As we have just seen, two thousand years later, a remarkably similar conclusion arose from advances in machine learning. Learning is vastly more effective when the machine comes equipped with two features: a vast space of hypotheses, a set of mental models with myriad settings to choose from; and sophisticated algorithms that adjust those settings according to the data received from the outside world. As one of my friends once said, in the debate on nature versus nurture, we have underestimated both! Learning requires two structures: an immense set of potential models and an efficient algorithm to adjust them to reality.
Artificial neural networks do this in their own way, by entrusting the representation of mental models to millions of adjustable connections. However, these systems, while capturing the rapid and unconscious recognition of images or speech, are not yet able to represent more abstract hypotheses, such as grammar rules or the logic of mathematical operations.
The human brain seems to function in a different way: our knowledge grows through the combination of symbols. According to this view, we come into the world with a vast number of possible combinations of potential thoughts. This language of thought, endowed with abstract assumptions and grammar rules, is already in place prior to learning. It generates a vast realm of hypotheses to be put to the test. And to do so, according to the Bayesian brain theory, our brain must act like a scientist, collecting statistical data and using them to select the best-fitting generative model.
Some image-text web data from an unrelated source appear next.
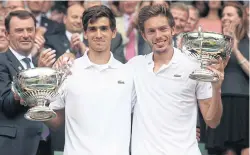  ?? AFP ?? France’s Pierre-Hughes Herbert, left, and Nicolas Mahut.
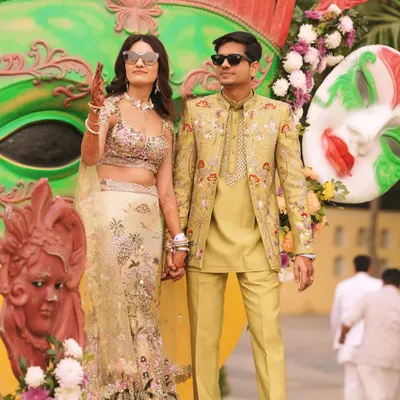 The happy couple at their vibrant Mehendi ceremony. My client's custom lime-green, embroidered bandhgala set perfectly complements the festive decor and his bride's stunning lehenga.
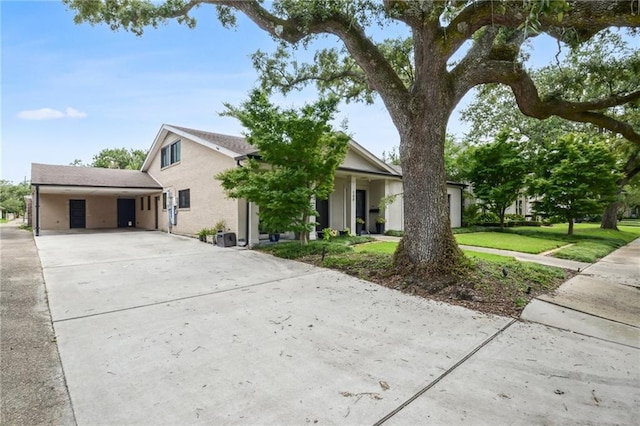 788 Amethyst St, New Orleans, LA 70124 - view of front of property featuring concrete driveway, a carport, and a front lawn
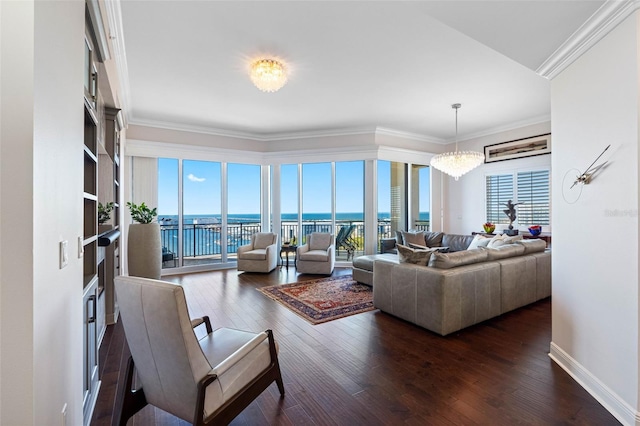 living area featuring baseboards, ornamental molding, dark wood-type flooring, a water view, and a chandelier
This view of learning may seem counterintuitive. It suggests that each human baby’s brain potentially contains all the languages of the world, all the objects, all the faces, and all the tools that it will ever encounter, in addition to all the words, all the facts, and all the events that it will ever remember. The combinatorics of the brain are such that all these objects of thought are potentially already there, along with their respective a priori probabilities, as well as the ability to update them when experience says that they need to be revised. Is this how a baby learns?